Two words: button-downs. Save the flowery shorts and patchwork tops for the frat boy set. It’s no secret that no-iron shirts have been hotly contested since their formaldehyde-soaked inception. The Wall Street Journal even wrote a piece on this back in 2016.
Brooks Brothers—sells quite a range of button downs, from the slim fit Milano to the looser, traditional Regent—and yes, they have iron and non-iron options alike. That said, menswear purists flock toward the original oxford cloth shirts. These shirts—affectionately known as the OCBD—are a touch more expensive than their stiffer counterparts. Made from Supima cotton, the OCBD comes with details like mother-of-pearl buttons and back pleating.
Going to get fitted for a Brooks Brothers suit is a rite of passage for many men—whether they're off to their first job or looking to dress the part after that big promotion. The Golden Fleece suits will cost a couple grand, but BB makes suits that well, suit, different price points.
Brooks Brothers have a collection of four different fits.
• Milano—extra slim
• Regent—Slim and contoured
• Traditional—Full and relaxed
But, look on any men’s fashion blog, forum or even the Quora answers.
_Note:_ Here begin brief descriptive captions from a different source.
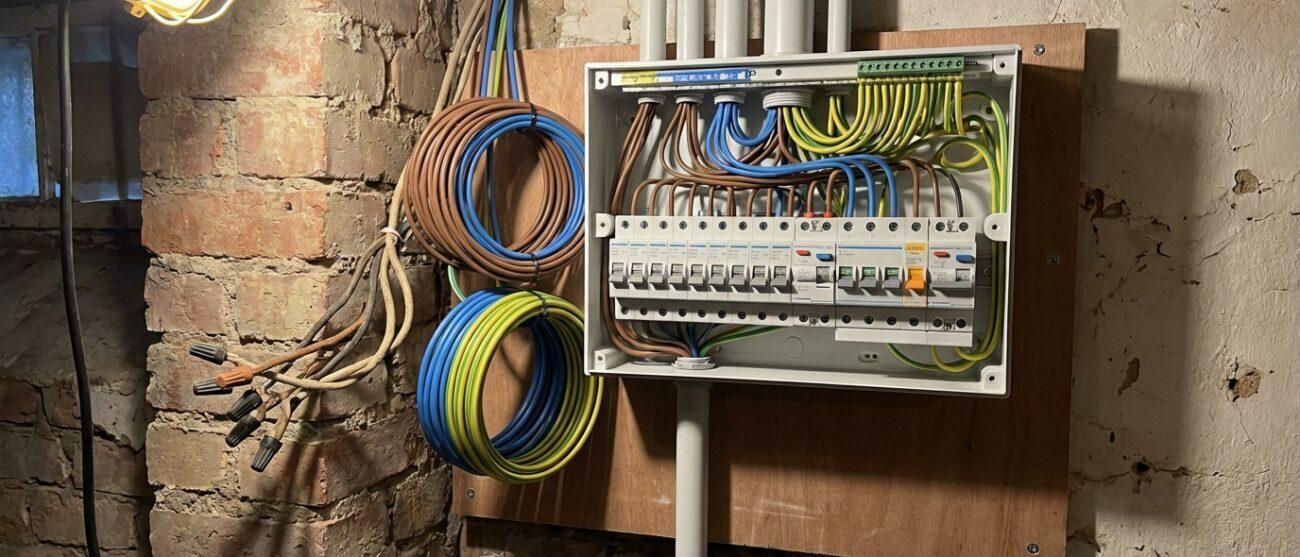 Hoe werkt het vernieuwen van bedrading in oude woningen?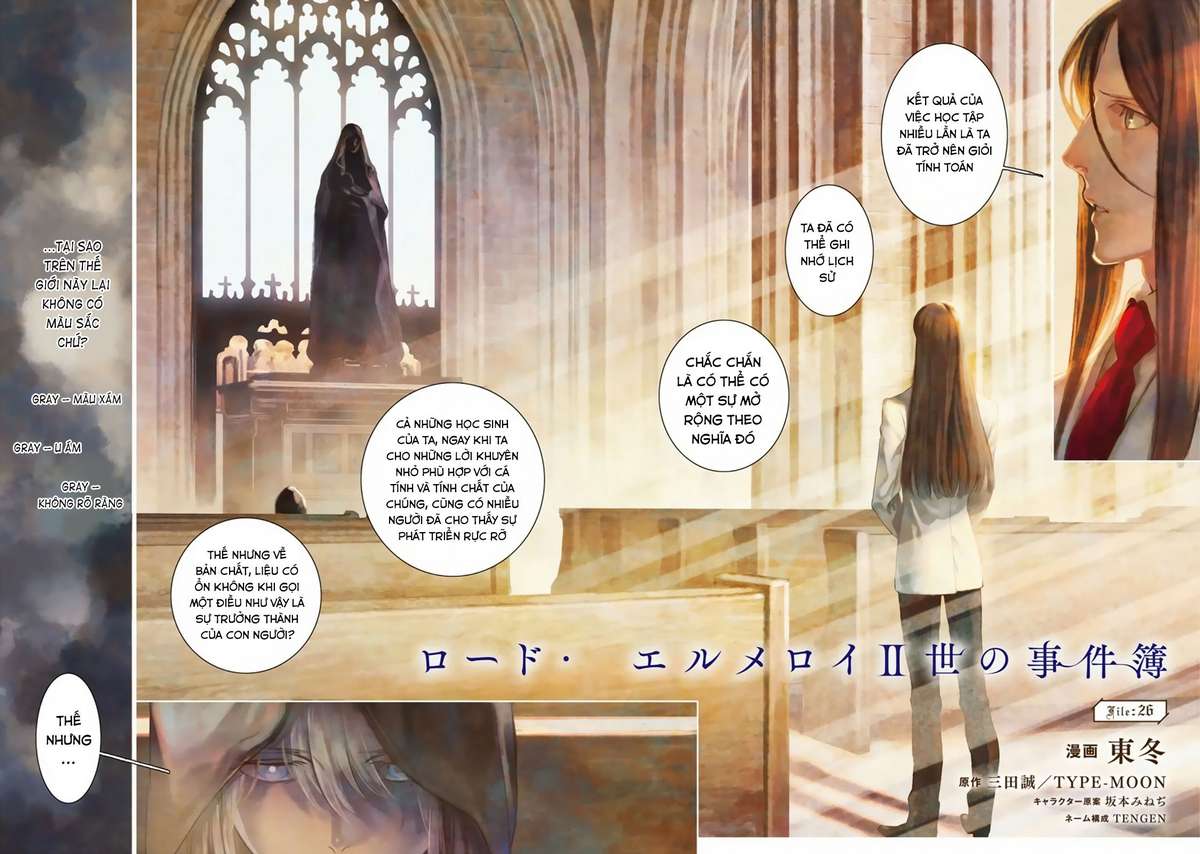 Hồ Sơ Của Lord El-Melloi Ii Chapter 26 - Trang 2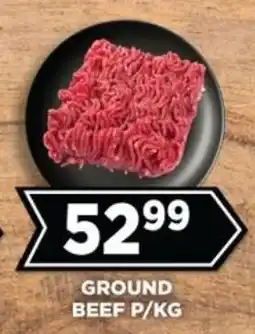Goal Supermarket Ground beef offer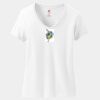 Women's Perfect T Cotton V Neck T Shirt Thumbnail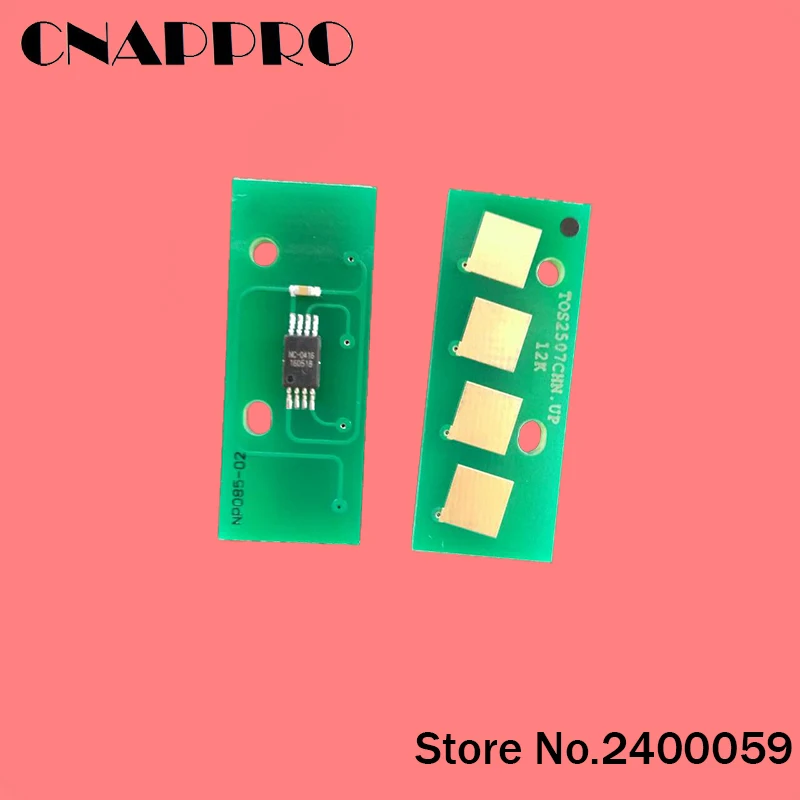 

T-FC50 TFC50 toner reset chip for Toshiba E-studio 2555 3055 3555 4555 5055 2555C 3055C 3555C 4555C 5055C copier cartridge chips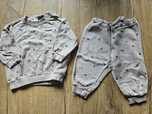 Komplet dresowy H&M 80
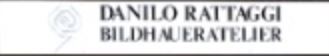 Bildhaueratelier Danilo Rattaggi-Logo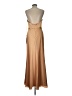 Mac Duggal 100% Polyester Tan Cocktail Dress Size 10 - photo 2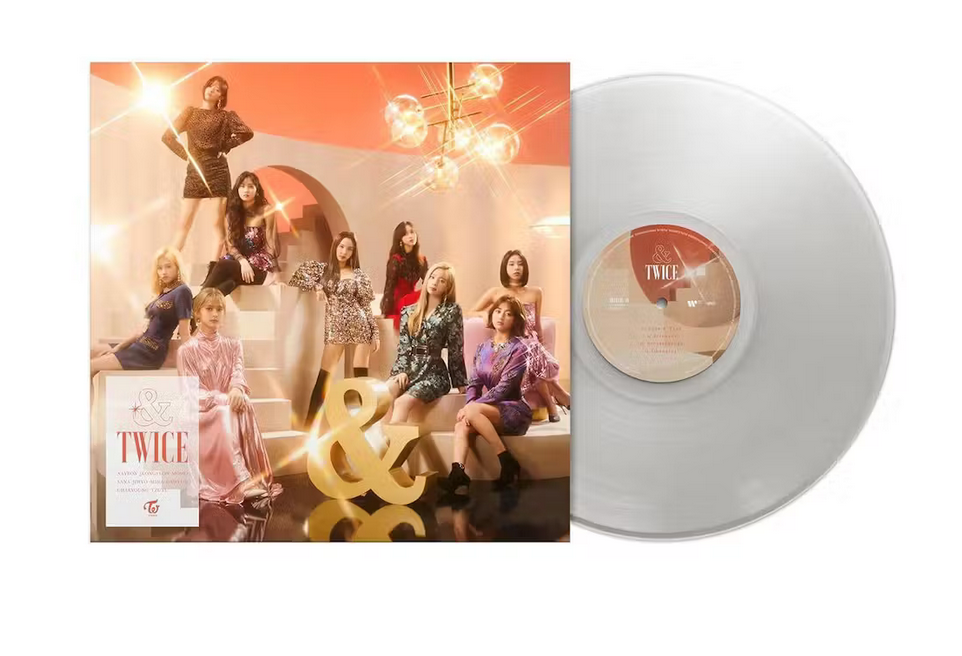 TWICE- &Twice - Limited Japanese Pressing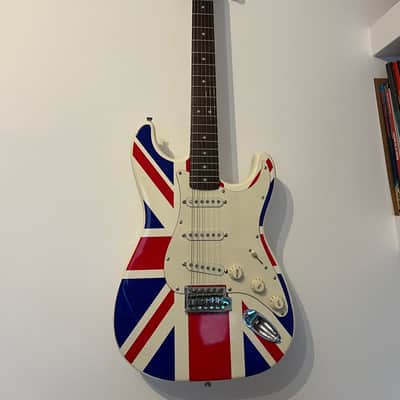 Custom made Strat style Partcaster image 1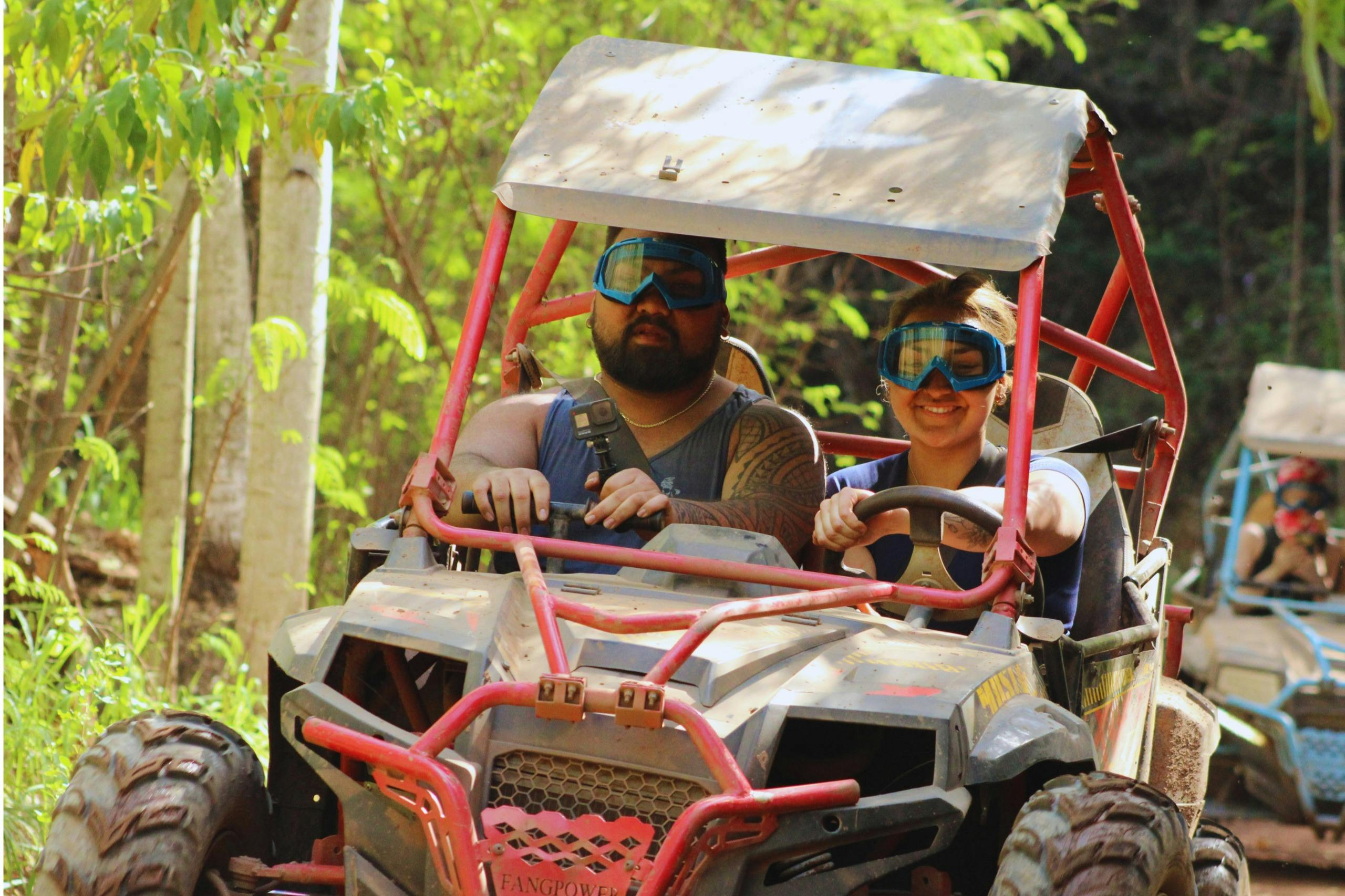 Coral Crater Adventure Park: ATV Ride + 6 Ziplines - Photo 1 of 8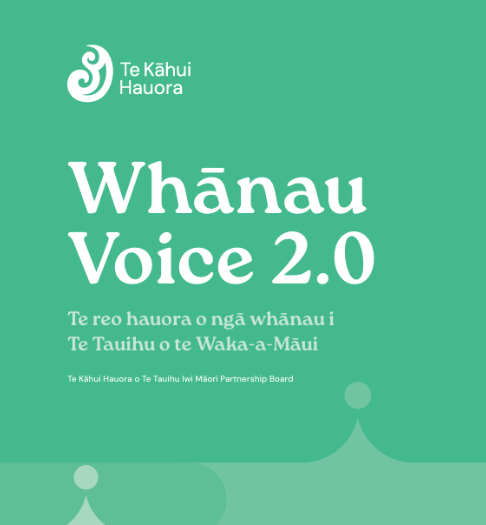 Listening to Whānau. Acting on What Matters.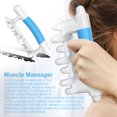 thumbnail image 2 of Trigger Point Massager for Myofascial Release Handheld Massager for Neck Shoulders Back Muscle Recovery Tool for Muscle Soreness Relief Lymphatic Drainage, 2 of 8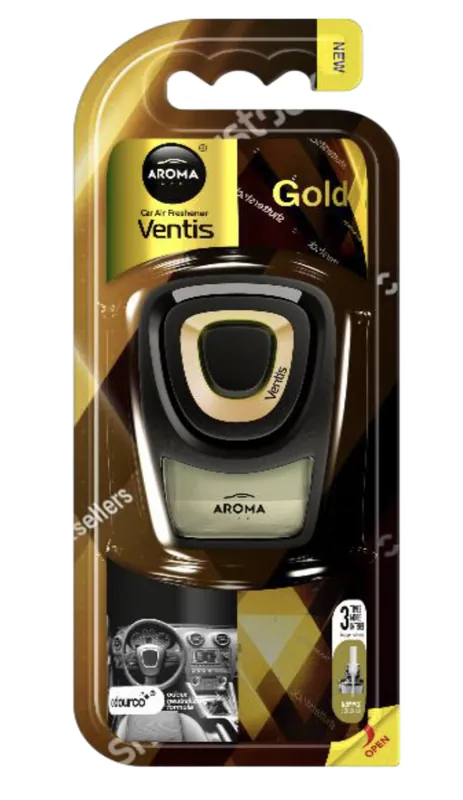 Sertifioitu Auton ilmanraikastin Aroma Ventis Gold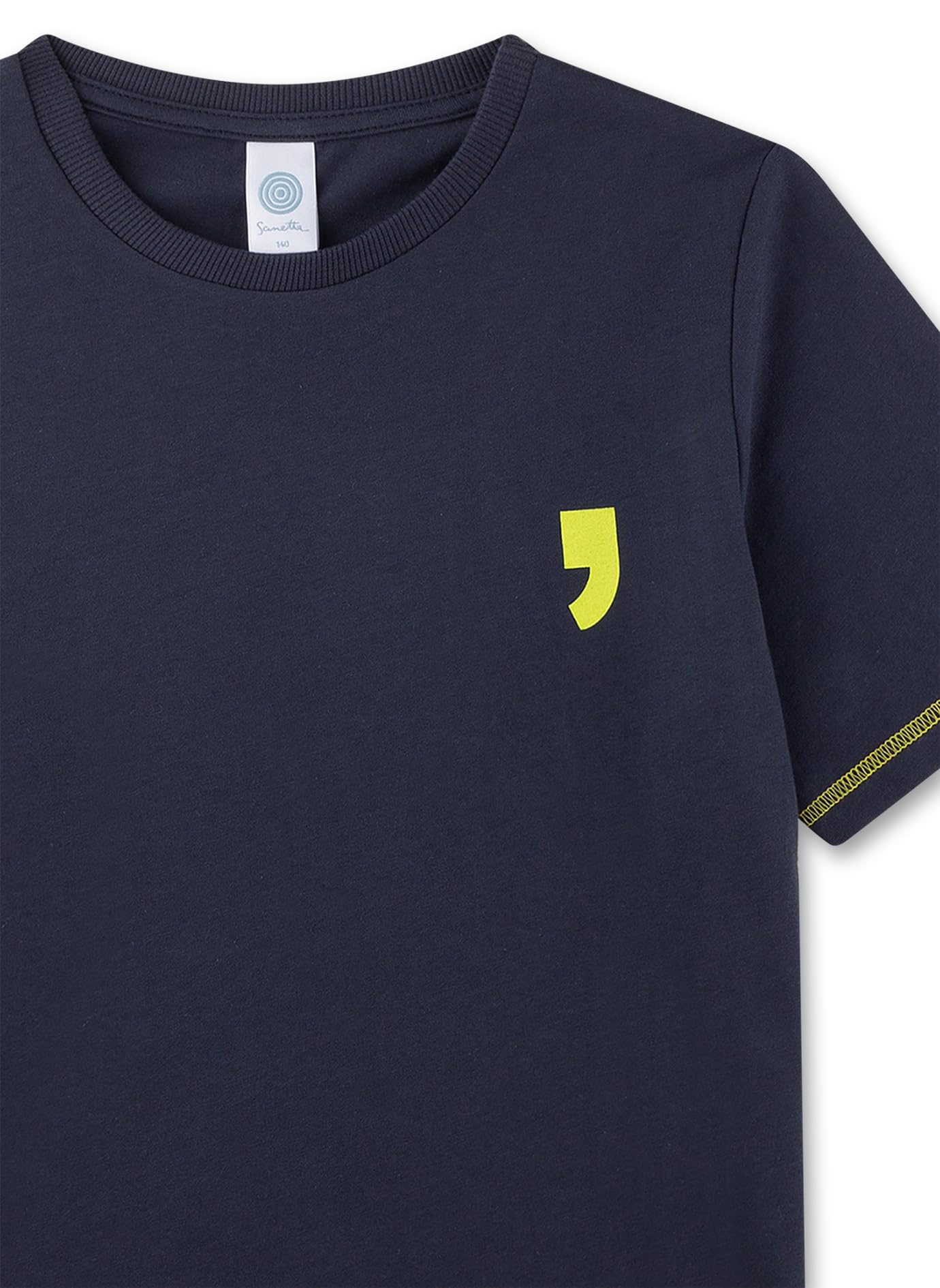 sanetta-jungen-schlafanzug-kurz-blau-pyjamaset-f-r-jungen-aus-baumwolle image 3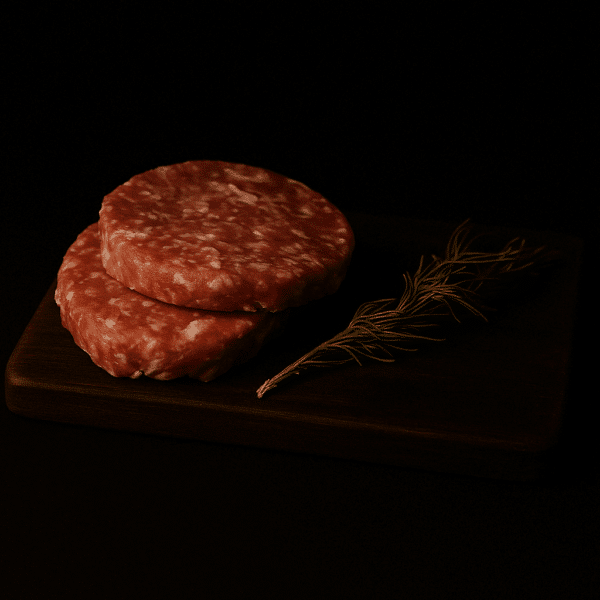 HAMBURGUESA DE PAVO ECOLÓGICO
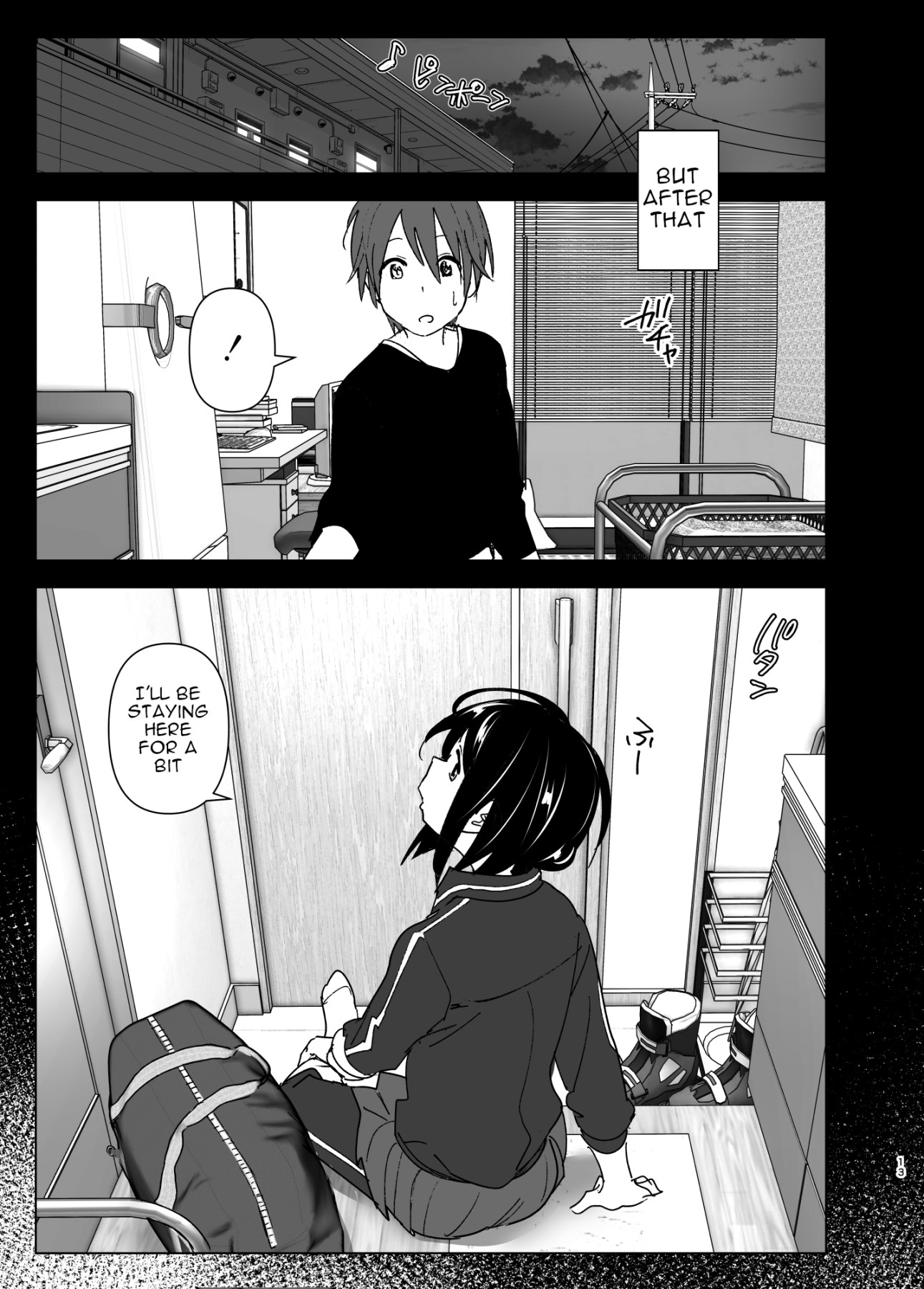 Hentai Manga Comic-I Wanna Stay With You-Read-12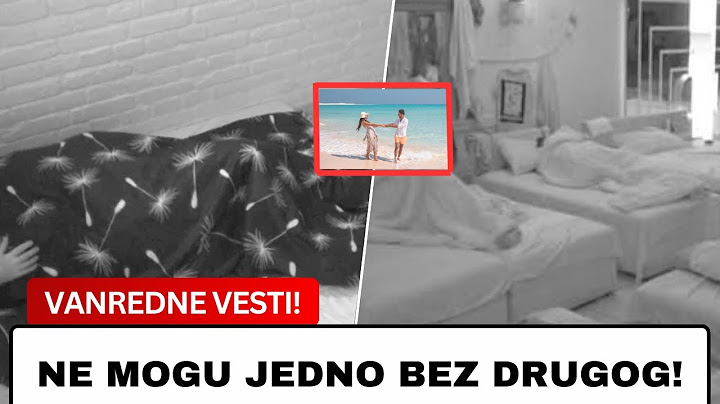 "ZAVRŠILI U KREVETU! Aneli i Luka OPET zajedno nakon burne prošlosti"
It seems shopping Brooks Bros has a lot to do with their legendary dress shirts—over and over, men love that OCBD—and for good reason. It works with boots and jeans just as well as it does with sail boat-printed chinos and tasseled loafers.
What’s Up with the Different Collections?
Ahh, the fleece hierarchy. The brand has two collections, Red Fleece and Golden Fleece. Black fleece, a Thom Browne collaboration, was discontinued back in 2015. Here’s a look at the major differences between the two primary-colored fleeces:
Red: The brand’s Red Fleece collection is geared more toward the younger crowd—think Springy New England basics designed for the collegiate set. Red Fleece features a slimmer fit than the classic offerings—and shoppers can expect a fit much like the Milano suit. If you’re not a fan of slim fitting shirts and sweaters, you may either want to size up or look toward the brand’s more traditional lines.
You’ll find a blend of casual sportswear, or things like this seed-stitched cardigan, and a collection of reasonably priced casual button downs. The Madras Plaid or the Windowpane button-ups will run you just $49.50, regular price—on par with any of the major “mall brands.”
Golden: The Golden Fleece line is a celebration of fine fabrics and full-canvassed suits. GF is considerably more expensive than Red Fleece—you’ll find button-downs that cross the $200 threshold, camel hair sweaters, and plenty of cashmere.
GF is more a collection of investment pieces to RF's more affordable, younger collection, but 2018 is set to bring some lighter, more playful updates into the mix.
And then there’s the 1818 collection. This line offers an affordable (relatively) alternative to the Golden Fleece’s collection of suits. 1818 suits—half-canvassed to GF’s full canvassed offerings-- are solid workhorse suits, and you usually can find them available for under a grand. That said, both 1818 and GF are hand-stitched, so either way, you’re getting a decent-quality suit.
So—Are the Brothers’ Offerings Still Worth It?
A lot of the Brooks Brothers appeal is the preppy, clean-cut quality—bolstered by its Ivy League appeal and its long-standing presidential heritage.
But, while the Bros can get pretty pricey, the Red Fleece and 1818 lines are pretty accessible.
In the end, old BB doesn’t disappoint when it comes to work shirts and classic blazers—staples every man can use in his closet--no matter where he's at in life.